Le constat : une chaîne alimentaire segmentée et cloisonnée

Agriculteurs, transformateurs, cuisiniers, distributeurs (GMS, Point de Vente Collectif, Drive Fermier...), opérateurs logistiques, consommateurs… Ces intervenants de la chaîne alimentaire se côtoient peu et restent souvent dans leur métier, les urgences économiques, législatives, réglementaires...

Le système alimentaire actuel fonctionne donc par briques d'opérateurs cloisonnés, et la chaine alimentaire s’en retrouve segmentée. Parallèlement, on observe des besoins de création de valeur ajoutée, de rentabilité, de meilleure gouvernance.

L’organisation des acteurs trop cloisonnée ne permet donc pas de répondre à des problématiques transversales (développement et répartition de la valeur ajoutée, accès à une alimentation de qualité pour tous, nouvelles techniques de production agro écologique…)

 

Cultiver l’interconnaissance pour faire émerger des projets

S'intéresser au système alimentaire d'un territoire, c'est alors considérer l'ensemble de ces opérateurs, cultiver l'interconnaissance, s'ouvrir ensemble sur l'ensemble des enjeux de l'alimentation, pour permettre des projets ancrés et durables.

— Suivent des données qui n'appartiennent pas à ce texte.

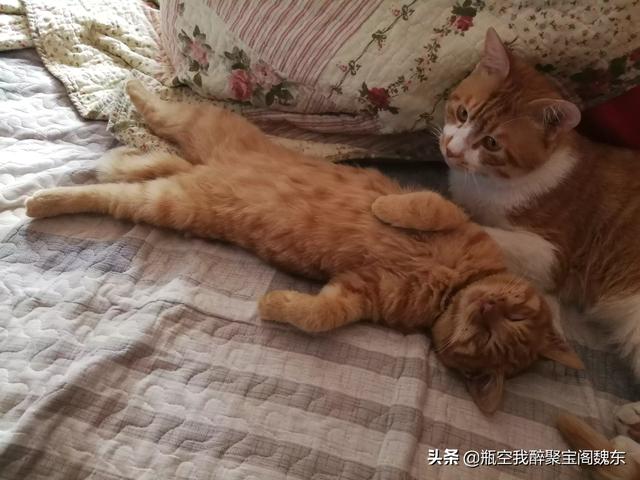 我和我的宠物店的男人们:喜欢养猫的男人是什么性格？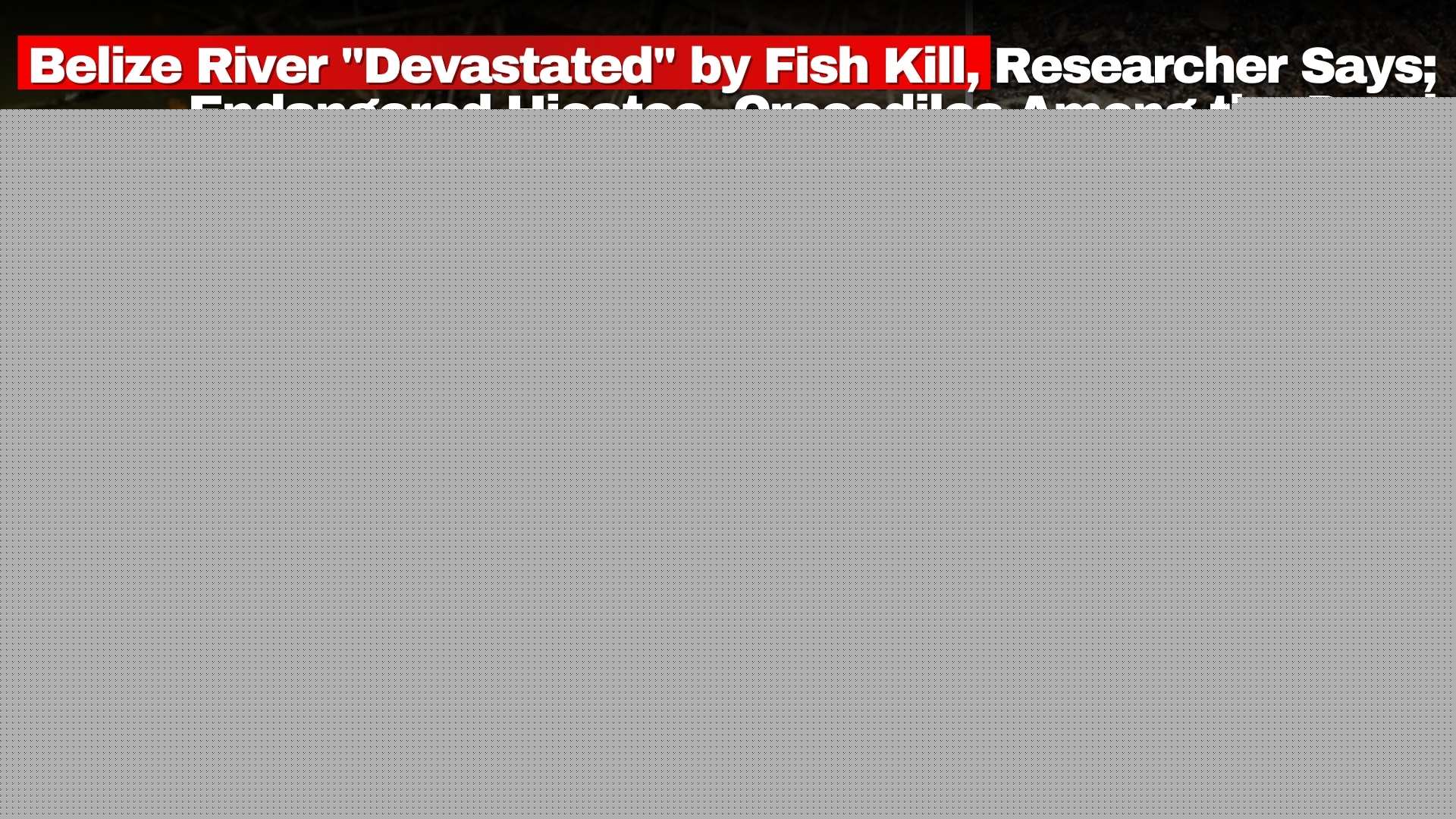 Belize River “Devastated” by Fish Kill, Researcher Says; Endangered Hicatee and Crocodiles Among the Dead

Prévus dans la loi d’avenir pour l’agriculture, l’alimentation et la forêt du 13 octobre 2014 (Art 39), les projets alimentaires territoriaux s'appuient sur un diagnostic partagé faisant un état des lieux de la production agricole et alimentaire locale et du besoin alimentaire du bassin de vie. Il permet en outre d’identifier les atouts et contraintes socio-économiques et environnementaux du territoire.

Élaborés de manière concertée à l’initiative des acteurs d'un territoire, les PAT visent à donner un cadre stratégique et opérationnel à des actions partenariales répondant à des enjeux sociaux, environnementaux, économiques et de santé.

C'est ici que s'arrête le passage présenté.